Montpellier : Pour déstresser les enfants avant l’examen, l’hôpital s’est doté d’un faux IRM en forme de fusée

EXAMEN L’équipement a pour objectif de rendre l’examen ludique pour les petits patients

Nicolas Bonzom
L'hôpital s'est doté d'un IRM sous forme de jeu, pour évacuer le stress des enfants
L'hôpital s'est doté d'un IRM sous forme de jeu, pour évacuer le stress des enfants — CHU de Montpellier
  • Pour évacuer le stress des enfants face à l’examen, l’hôpital de Montpellier s’est doté d’un simulateur, qui prend la forme d’une fusée, qui reproduit les sensations d’un IRM.
  • Ce drôle d’outil permet « d’informer et de distraire l’enfant, de façon à simuler un examen IRM, pour que l’enfant puisse réaliser le véritable examen, en toute confiance », confie Olivier Martin, cadre de santé à l’hôpital de Montpellier.
  • Le but est d’éviter les anesthésies générales, parfois indispensables pour les petits.

Dans son service de neuroradiologie, l'hôpital Gui-de-Chauliac, à Montpellier (Hérault), a installé une fusée. Sur le mur de cette pièce, est dessiné un astronaute, perché sur une petite planète, un drapeau à la main. On se croirait presque dans la chambre d’un enfant fasciné par l'espace. Cette fusée est un simulateur, qui reproduit les sensations d’un IRM (Imagerie par résonance magnétique).

Grâce aux mécènes du fonds Guilhem, le CHU s’est doté de ce drôle d’appareil, qui vise à évacuer le stress des petits patients, âgés de 2 à 6 ans, en leur montrant comment ça marche, avant de s’engouffrer dans le véritable IRM. Et de rendre ludique, et même plutôt agréable, un acte médical qui peut s’avérer un peu stressant pour les plus jeunes. Et pour leurs parents. Cet outil permet « d’informer et de distraire l’enfant, de façon à simuler un examen IRM, pour que l’enfant puisse réaliser le véritable examen, en toute confiance », confie Olivier Martin, cadre de santé à l’hôpital de Montpellier.
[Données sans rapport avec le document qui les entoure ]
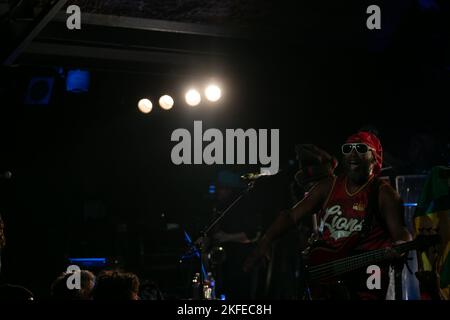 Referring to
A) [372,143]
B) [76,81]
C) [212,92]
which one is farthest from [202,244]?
[76,81]

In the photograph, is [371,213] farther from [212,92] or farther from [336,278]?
[212,92]

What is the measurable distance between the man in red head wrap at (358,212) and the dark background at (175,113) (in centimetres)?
165

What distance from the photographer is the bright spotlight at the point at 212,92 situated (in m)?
8.66

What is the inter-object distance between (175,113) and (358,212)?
565 cm

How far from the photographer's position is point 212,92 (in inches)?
341

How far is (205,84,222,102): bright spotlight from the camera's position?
28.4ft

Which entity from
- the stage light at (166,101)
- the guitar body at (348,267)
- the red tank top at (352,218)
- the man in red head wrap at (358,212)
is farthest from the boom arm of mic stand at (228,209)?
the stage light at (166,101)

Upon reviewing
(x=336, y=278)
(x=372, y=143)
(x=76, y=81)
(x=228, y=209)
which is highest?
(x=76, y=81)

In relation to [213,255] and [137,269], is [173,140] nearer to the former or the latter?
[137,269]

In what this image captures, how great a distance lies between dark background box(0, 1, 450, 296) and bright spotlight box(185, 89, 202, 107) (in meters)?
0.27

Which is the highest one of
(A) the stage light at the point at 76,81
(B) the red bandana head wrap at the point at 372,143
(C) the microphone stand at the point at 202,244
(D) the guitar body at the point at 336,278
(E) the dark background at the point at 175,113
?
(A) the stage light at the point at 76,81

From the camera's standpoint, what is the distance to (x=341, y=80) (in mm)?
8289

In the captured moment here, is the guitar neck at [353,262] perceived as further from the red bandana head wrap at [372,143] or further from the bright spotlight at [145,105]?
the bright spotlight at [145,105] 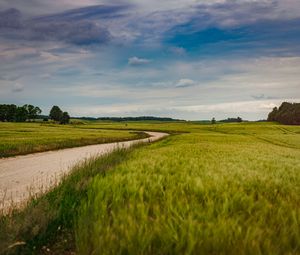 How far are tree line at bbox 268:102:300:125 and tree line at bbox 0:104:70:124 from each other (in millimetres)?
86199

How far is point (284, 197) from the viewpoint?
23.7ft

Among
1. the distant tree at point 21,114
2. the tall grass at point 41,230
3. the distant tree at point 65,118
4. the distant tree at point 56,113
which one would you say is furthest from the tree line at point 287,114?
the tall grass at point 41,230

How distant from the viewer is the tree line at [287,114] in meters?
126

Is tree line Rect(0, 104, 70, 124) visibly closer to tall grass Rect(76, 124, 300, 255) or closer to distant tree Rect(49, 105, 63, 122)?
distant tree Rect(49, 105, 63, 122)

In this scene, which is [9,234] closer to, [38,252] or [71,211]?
[38,252]

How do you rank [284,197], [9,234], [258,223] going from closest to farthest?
[258,223] < [9,234] < [284,197]

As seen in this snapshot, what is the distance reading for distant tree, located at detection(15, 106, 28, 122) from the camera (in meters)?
164

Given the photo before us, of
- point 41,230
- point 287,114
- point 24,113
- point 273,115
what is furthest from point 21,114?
point 41,230

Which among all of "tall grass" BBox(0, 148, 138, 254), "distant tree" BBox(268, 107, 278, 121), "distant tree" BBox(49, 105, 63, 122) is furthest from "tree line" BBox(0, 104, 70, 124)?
"tall grass" BBox(0, 148, 138, 254)

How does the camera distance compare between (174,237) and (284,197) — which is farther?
(284,197)

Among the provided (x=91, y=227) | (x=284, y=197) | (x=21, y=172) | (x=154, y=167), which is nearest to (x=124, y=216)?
(x=91, y=227)

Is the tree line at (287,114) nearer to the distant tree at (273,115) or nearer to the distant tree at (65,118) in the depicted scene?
the distant tree at (273,115)

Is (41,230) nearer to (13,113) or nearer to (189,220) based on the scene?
(189,220)

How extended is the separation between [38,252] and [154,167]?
4554 mm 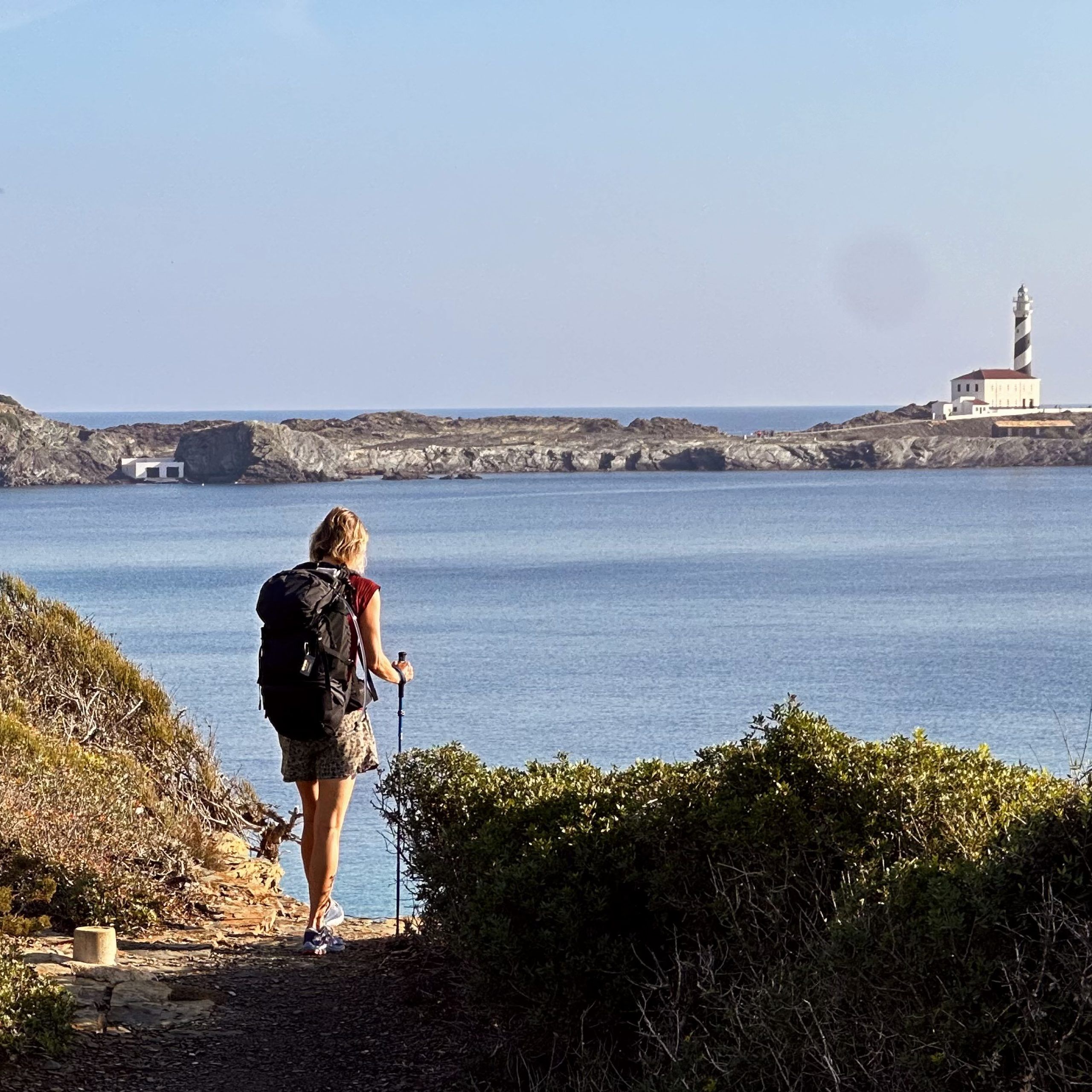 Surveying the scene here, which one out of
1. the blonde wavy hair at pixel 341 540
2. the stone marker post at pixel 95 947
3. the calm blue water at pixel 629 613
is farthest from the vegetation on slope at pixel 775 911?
the calm blue water at pixel 629 613

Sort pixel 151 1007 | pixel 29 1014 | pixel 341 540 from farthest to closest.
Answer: pixel 341 540, pixel 151 1007, pixel 29 1014

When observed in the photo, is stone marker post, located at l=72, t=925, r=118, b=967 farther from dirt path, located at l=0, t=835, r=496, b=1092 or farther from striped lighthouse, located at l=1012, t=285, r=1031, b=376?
striped lighthouse, located at l=1012, t=285, r=1031, b=376

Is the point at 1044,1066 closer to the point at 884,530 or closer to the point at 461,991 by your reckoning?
the point at 461,991

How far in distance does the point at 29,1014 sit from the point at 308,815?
5.81 feet

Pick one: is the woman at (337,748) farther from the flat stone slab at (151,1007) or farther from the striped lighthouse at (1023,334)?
the striped lighthouse at (1023,334)

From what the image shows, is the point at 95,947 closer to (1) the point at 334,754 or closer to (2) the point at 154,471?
(1) the point at 334,754

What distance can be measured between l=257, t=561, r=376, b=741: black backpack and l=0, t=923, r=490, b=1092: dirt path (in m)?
1.01

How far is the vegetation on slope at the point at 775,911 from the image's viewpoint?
3.77 meters

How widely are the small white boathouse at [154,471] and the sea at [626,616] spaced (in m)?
32.2

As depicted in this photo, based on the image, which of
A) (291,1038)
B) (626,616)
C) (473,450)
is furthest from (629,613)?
(473,450)

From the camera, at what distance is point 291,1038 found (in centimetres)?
550

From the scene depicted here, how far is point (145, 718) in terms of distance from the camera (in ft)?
30.3

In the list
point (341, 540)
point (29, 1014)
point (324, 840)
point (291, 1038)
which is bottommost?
point (291, 1038)

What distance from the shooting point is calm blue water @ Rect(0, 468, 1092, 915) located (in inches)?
971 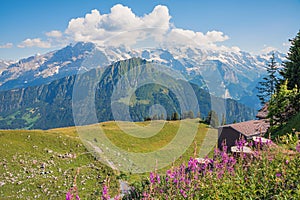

Eviter les anesthésies générales

Pendant 10 à 20 minutes, le jeune patient peut ainsi explorer le matériel, accompagné d’un bénévole de l’association Les Blouses roses ou d’un membre du personnel de l’hôpital, et se familiariser avec les bruits qu’il entendra lors de l’examen, avec la position allongée, et comprendre qu’il doit rester totalement immobile. Une fois rassuré, il peut pénétrer dans la fusée, et faire un essai, en regardant des dessins animés. Son passage dans le simulateur est enregistré, ce qui lui permet de débriefer ensuite, avec lui.

Car l’IRM est un examen long et bruyant, « qui, jusqu’à présent, nous imposait, pour les enfants que l’on n’arrivait pas à calmer, de recourir à une anesthésie générale, poursuit Olivier Martin. L’objectif de cet équipement est de permettre de réaliser cet examen sans anesthésie générale. Ne sont toutefois éligibles à ce simulateur que les enfants qui sont suffisamment coopérants, capables de comprendre et d’écouter les consignes. »

A la fin de l'acte, l'appareil félicite l'enfant, comme s'il avait remporté le jeu
A la fin de l'acte, l'appareil félicite l'enfant, comme s'il avait remporté le jeu - CHU de Montpellier

Un véritable atout, pour Nicolas Leboucq, le responsable de l’équipe médicale de neuro-imagerie pédiatrique. « Nous venons d’obtenir cet outil dans notre service, indique le médecin. Mais selon les retours que nous avons des autres services de radio pédiatrie dans les différents CHU français, nous constatons un véritable bénéfice, entre 50 et 80 % de diminution des anesthésies générales chez ces enfants. » Et l’enfant, une fois le véritable examen effectué, a même droit à un petit cadeau, de la part de l’équipe.